WORK ORDER:
For the data below, transcribe the part that opens with the line containing "Mixed Lot Ear" and closes with the line containing "Rivian R1S all-electric", exactly and with no pictures.

DATA EXTRACT:
== Segment start ==

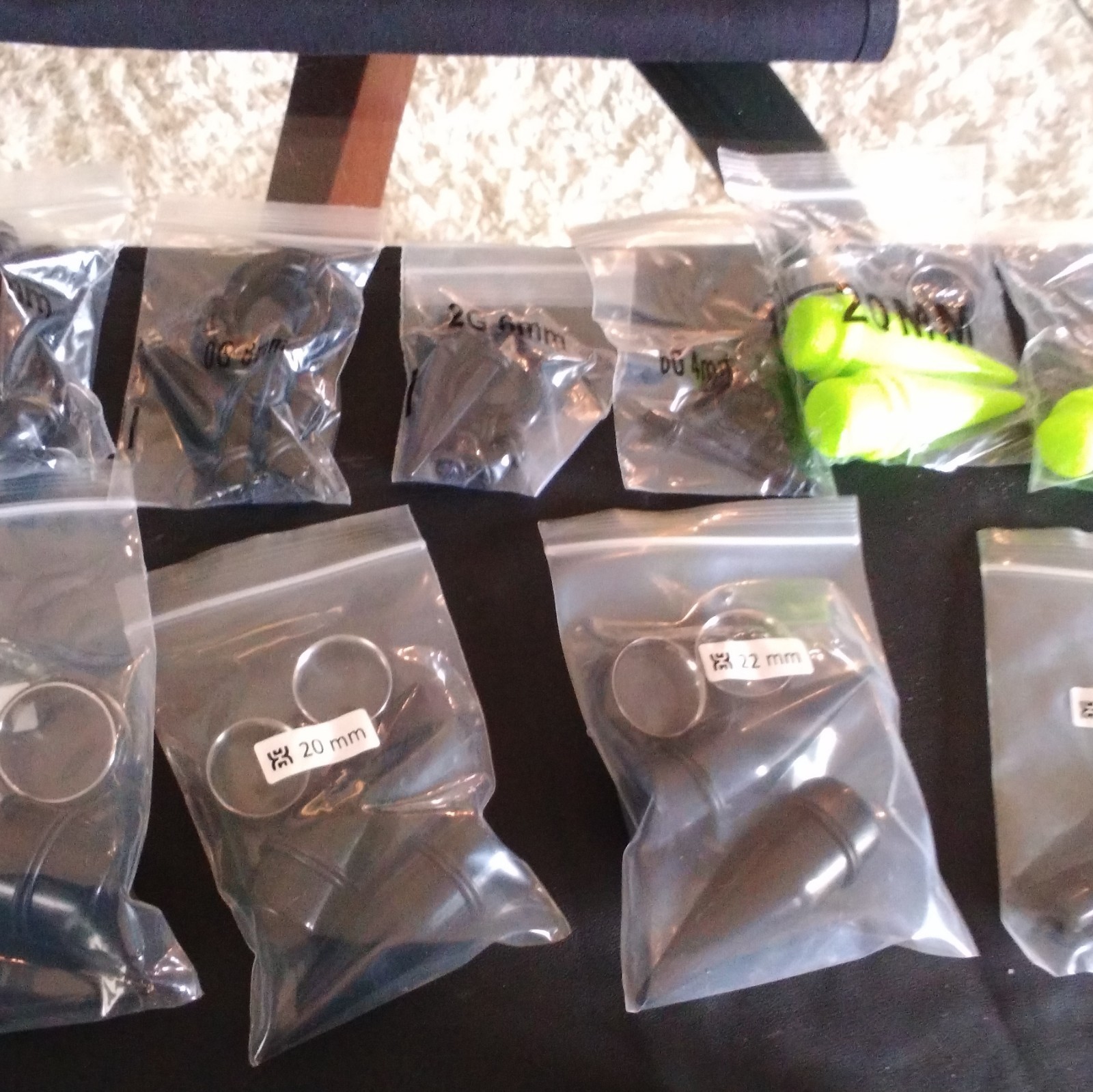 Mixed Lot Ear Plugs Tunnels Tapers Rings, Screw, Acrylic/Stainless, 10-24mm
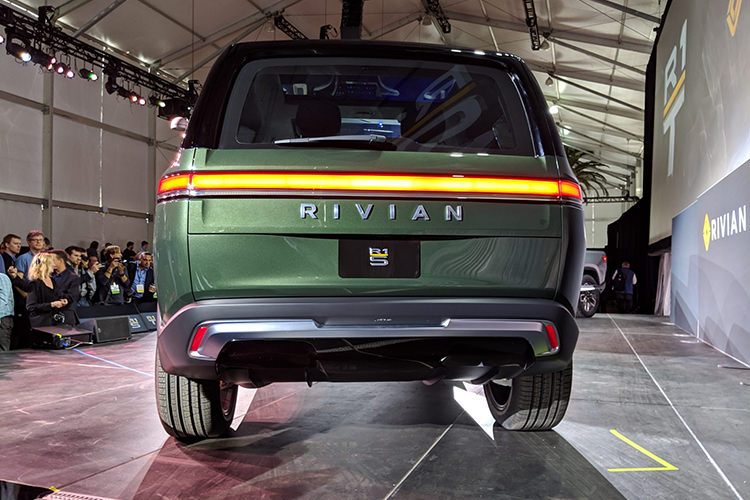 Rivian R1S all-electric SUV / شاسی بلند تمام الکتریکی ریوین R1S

== Segment end ==
== Segment start ==

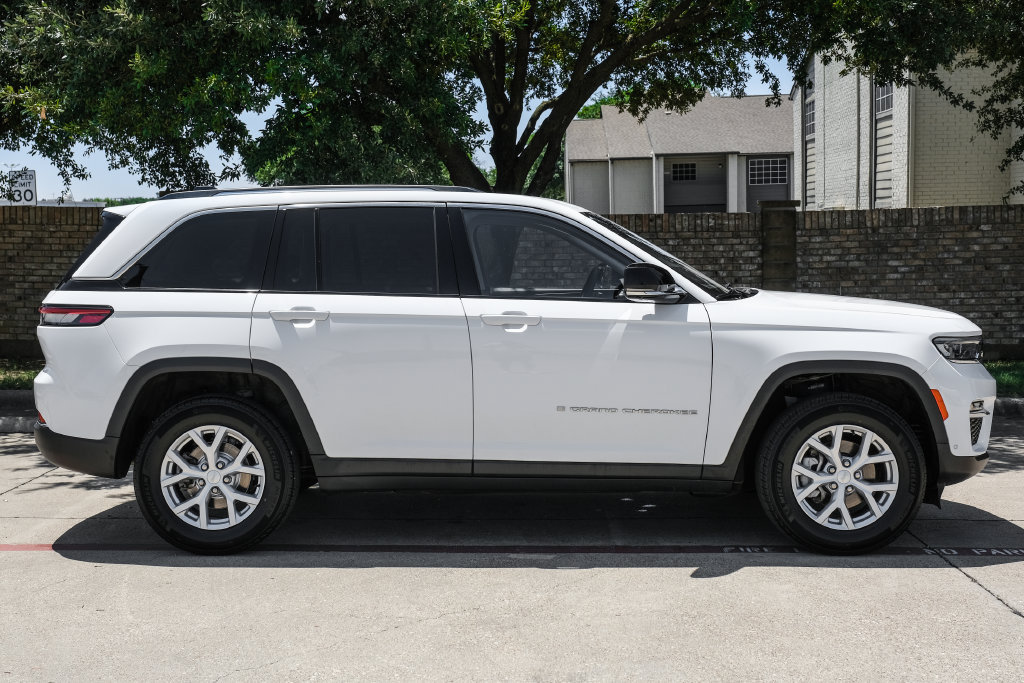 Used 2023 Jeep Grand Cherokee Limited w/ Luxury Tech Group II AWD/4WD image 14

== Segment end ==

ANSWER TO THIS TASK:
 Mixed Lot Ear Plugs Tunnels Tapers Rings, Screw, Acrylic/Stainless, 10-24mm
 Rivian R1S all-electric SUV / شاسی بلند تمام الکتریکی ریوین R1S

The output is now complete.